I will praise the LORD as long as I live;
I will sing praises to my God while I have being” (Psalm 146:1-2).
Let me tell you about this “praise” that the psalmist is talking about.
For the most part, it means about what you’d think it means: praising like saying good things, bragging on someone. But the Hebrew word halal has another meaning that interests me, something like “to act the fool.” That struck me as odd; what do praise and foolishness have to do with each other?
Then I thought of the exaggerated way that infatuated lovers brag on each other, multiplying their new boo’s good points to the extreme. That kind of “praise” is wonderfully foolish.
That’s what we’re supposed to do for God, for our whole lives long: praise to the point of acting the fool.
We do this because God is better than any lover we’ve ever been infatuated with. God breathed us into life; God has saved us from our last breath. From beginning to end and without our deserving it, God is at work for us.
We praise God because God is good (all the time; and all the time, God is good!).
And we also praise God because the alternative is so bad.
“Do not put your trust in princes,
in mortals, in whom there is no help.
When their breath departs, they return to the earth;
on that very day their plans perish” (146:3-4).
What we praise is what we value. When I praise my children or my husband or Dairy Queen, it shows that those are important things in my life, things that have power for me. They determine the way I spend my time and money. They redirect the routes I take, literally and figuratively (and you better believe I drive out of my way for those crazy-delicious Blizzards).
It’s not a bad thing to praise family or ice cream, but it is bad to praise anything more than God. Psalm 146 points to “princes.” Today’s “princes” might be elected officials, or principals, or bosses, or bishops (that’s my boss) – whoever has authority over us. Sometimes we praise them by bragging on them; sometimes we praise them by bashing their opponents; sometimes, I think, we praise them through our fear, which implies that they are powerful enough to harm us.
What we praise is what we value. If we talk more about “princes” than we do about God, it will begin to redirect our lives.
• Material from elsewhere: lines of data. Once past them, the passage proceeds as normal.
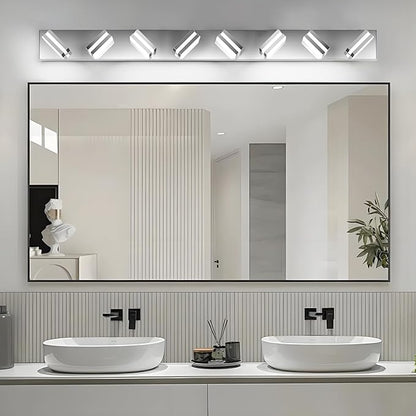 IZORRO LED Modern Bathroom Lights Fixtures(8-Light,Dimmable,360°Rotate),Chrome Acrylic Wall Lighting,Vanity Lights for Bathroom Over Mirror - 6000k 48In （No Assembly Required）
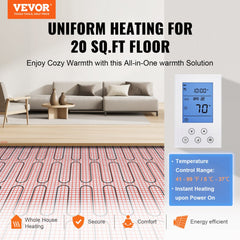 Floor Heating Mat, 20 Sq. ft, Electric Radiant In-Floor Heated Warm System with Digital Floor Sensing Thermostat, Includes Installation Monitor, Adhesive Back for Easy Installation on The Floor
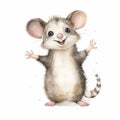 Playful Watercolor Illustration Of A Cute Mouse Royalty Free Stock Photo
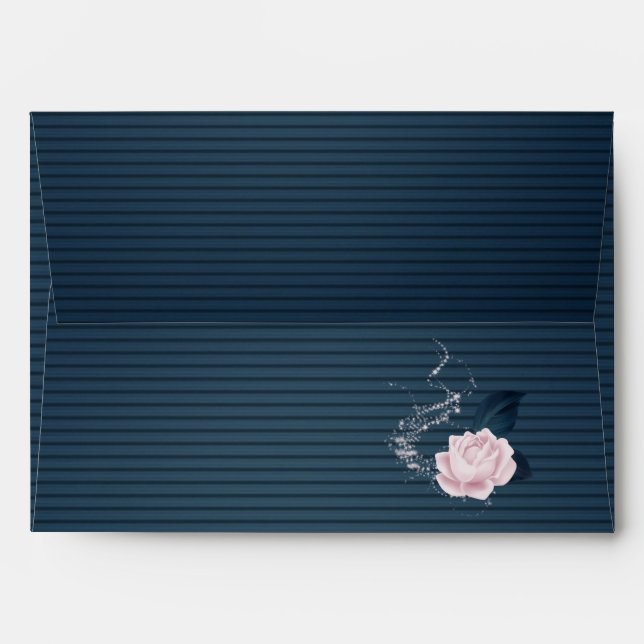 élégant rose fleur marine bleu mariage enveloppe (Dos (Haut rabat))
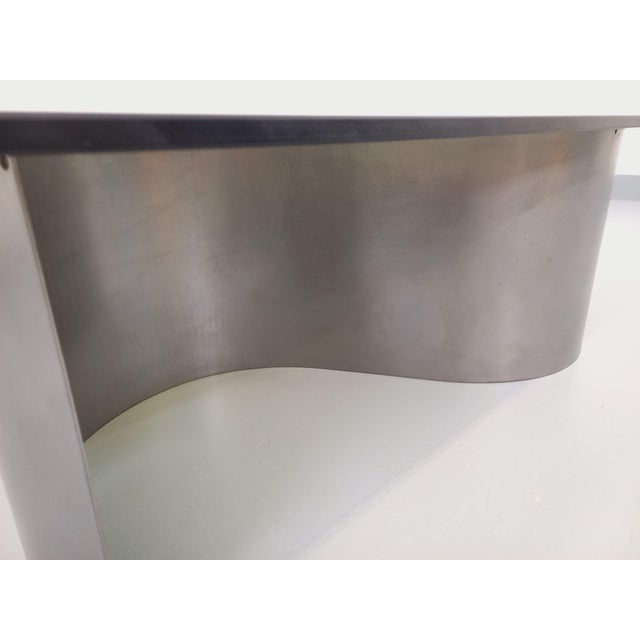 Vintage Space Age Rectangular Coffee Table in Steel and Smoked Glass, 1970s For Sale - Image 14 of 17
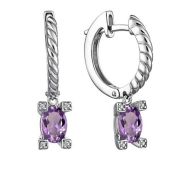 02-4004/00АМ-00 Серьги с аметистом бренд Алькор (Серебро 925)
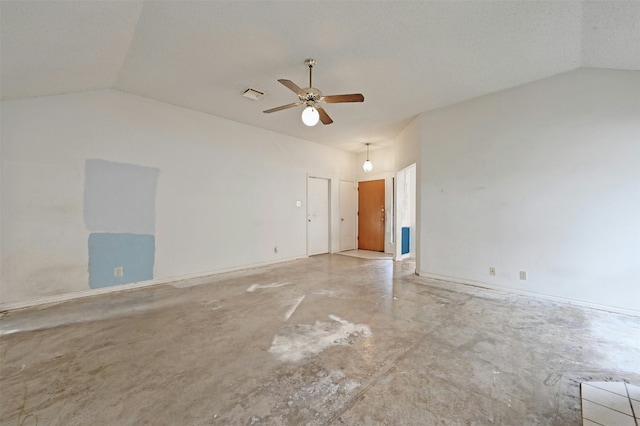 unfurnished room featuring ceiling fan, a textured ceiling, and vaulted ceiling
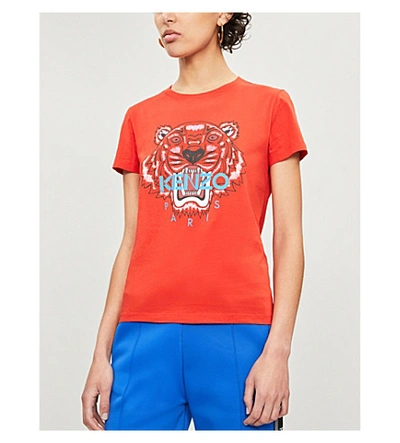 Shop Kenzo Tiger Logo-print Cotton-jersey T-shirt In Red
If we put our praise and trust in a person… it just won’t do us much good for very long. “Princes” will come and go; God will last forever.
“Happy are those whose help is the God of Jacob,
whose hope is in the Lord their God,
who made heaven and earth,
the sea, and all that is in them…” (146:5-6).
Instead of spending our lives praising “princes,” we spend our lives praising God – the one from whom all blessings flow, the one who made all us creatures here below, the one who is so very good to us.
But in order to praise God, we have to know God – we have to know what to say about God. Psalm 146 gives a pretty amazing description of what our God is like:
“[God] keeps faith forever;
who executes justice for the oppressed;
who gives food to the hungry.
The Lord sets the prisoners free;
the Lord opens the eyes of the blind.
The Lord lifts up those who are bowed down;
the Lord loves the righteous.
The Lord watches over the strangers;
he upholds the orphan and the widow,
but the way of the wicked he brings to ruin” (146:6-9)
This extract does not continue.